Set of elements that don't belong to any power set of these elements [Chartrand P242 10.22 2nd Ed = 10.30 3rd Ed] 
How and why is the answer $B = A_d$ ? 
I thought : Because $A := \{a, b, c\} \neq \{d, e, f, g, h\}$,
thus $B = \bigcup_{i\in \{d, e, f, g, h\}} A_i$.

Supplementary dated Dec 12 2013:
By the definition of $B$, we consider $x \in A = \{a, b, c\} $. Thus, are $A_d, A_e, ..., A_h$ really redundant and immaterial to the process of determining $B$? I'm sensing that I should've realised this before doing any work; user rewritten writes that "the rest of the $A_x$ do not enter..." and user Potato analyses only $A_a$, $A_b$, and $A_c$.

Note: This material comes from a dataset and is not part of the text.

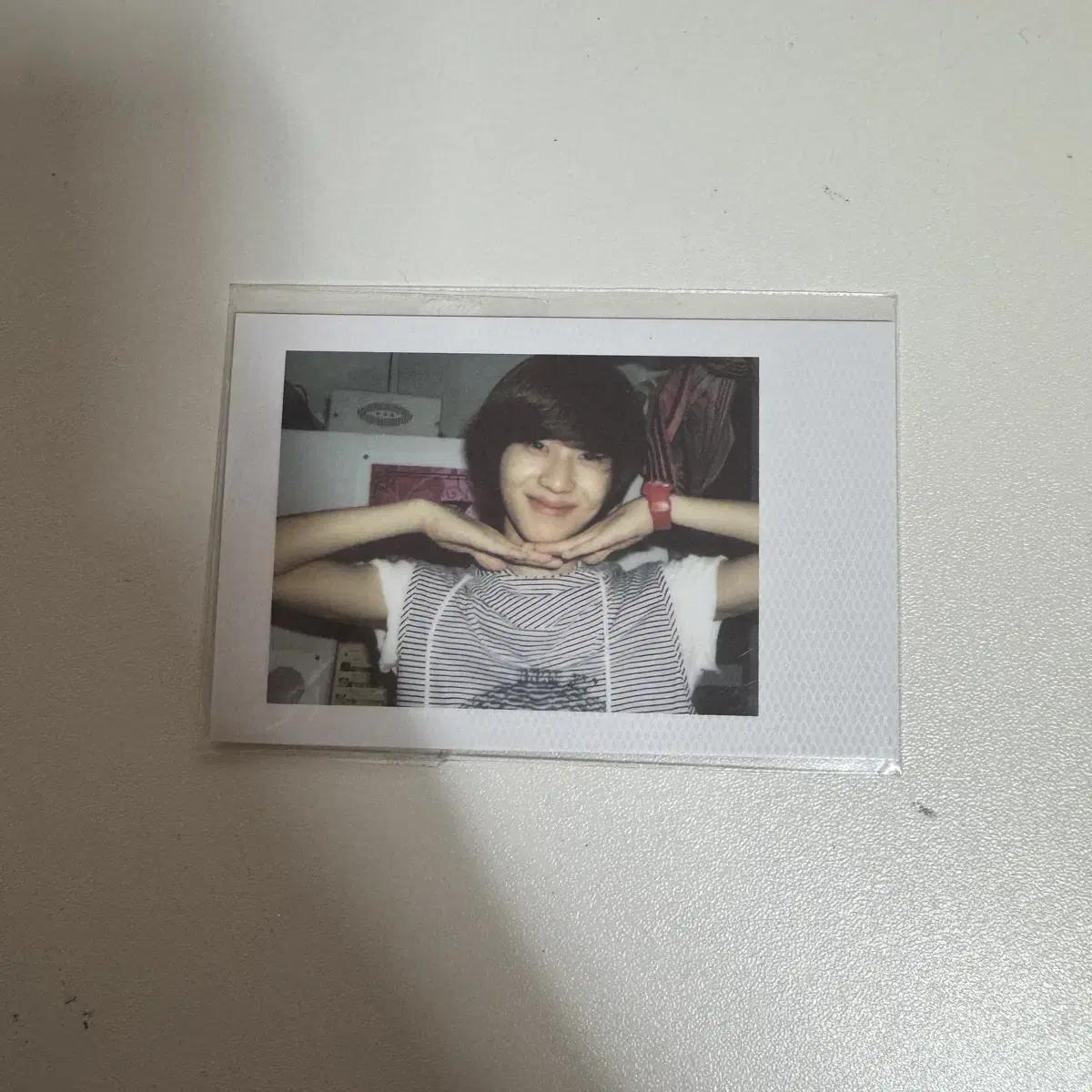 

Полароид из поп-ап магазина Shinee Taemin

 A: I am not quite sure how you are obtaining your answer. I will try to describe how I thought about this. Hopefully it is helpful.
We want the determine $B$. The set $B$ is defined as the set of all elements in $A$ satisfying a certain property: $x$ is not contained in $A_x$. Let us examine each element of $A$ in turn and see if it is in $B$.

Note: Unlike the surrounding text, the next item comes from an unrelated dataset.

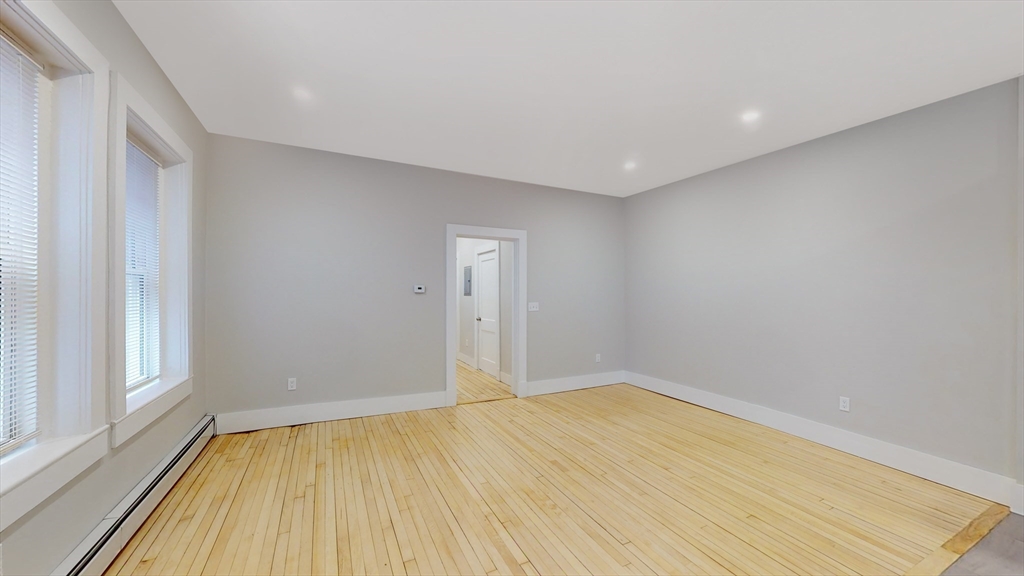 4 bed, 2 bath apartment for rent at 1284 Commonwealth Ave Unit 1, Allston — photo 6 of 19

Since $A_a$ is null, $a$ is not in $A_a$, so $a$ is in $B$ (because it satisfies the defining property).
Since $A_b=A=\{a,b,c\}$, b is in $A_b$, so it is not in $B$ (because it does not satisfy the defining property).

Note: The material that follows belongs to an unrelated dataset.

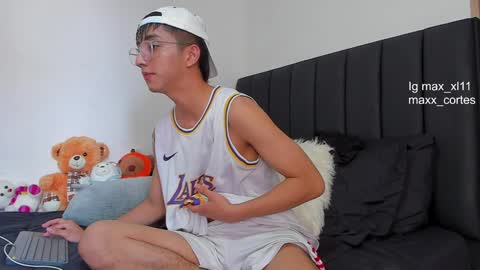 maxx_cortes online show from 02/02/25, 04:11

Since $A_c=\{a,b\}$, $c$ is not in $A_c$, so $c$ is in $B$.
So $a$ and $c$ work, and we obtain $B=\{a,c\}$.
In contrast, your proposed $B$ is $\{a,b,c\}$  (since the sets you are unioning contain all of these elements). 
The fact that the answer ends up being $A_d$ is entirely coincidental. 
Regarding your edit, you are correct that the rest of the $A_x$ are irrelevant to the process of determining $B$. 
A: Being @potato's answer completely correct, I try to clear up the fundamental misunderstanding.
$A$ is the set $\{a,b,c\}$. Let's define a function $g:A\to\mathcal{P}(A)$ such that:
$$
g(a) = A_a = \emptyset \\
g(b) = A_b = A \\
g(c) = A_c = \{a,b\}
$$
The rest of the $A_x$ do not enter at all in this definition.
Now you need to find B, and finally show that B is not in the image of $g$. It's completely irrelevant whether $B$ is $A_d$ or $\omega$ or anything else. The point is that it's different from $g(a)$, $g(b)$ and $g(c)$, so it's not in the image of $g$.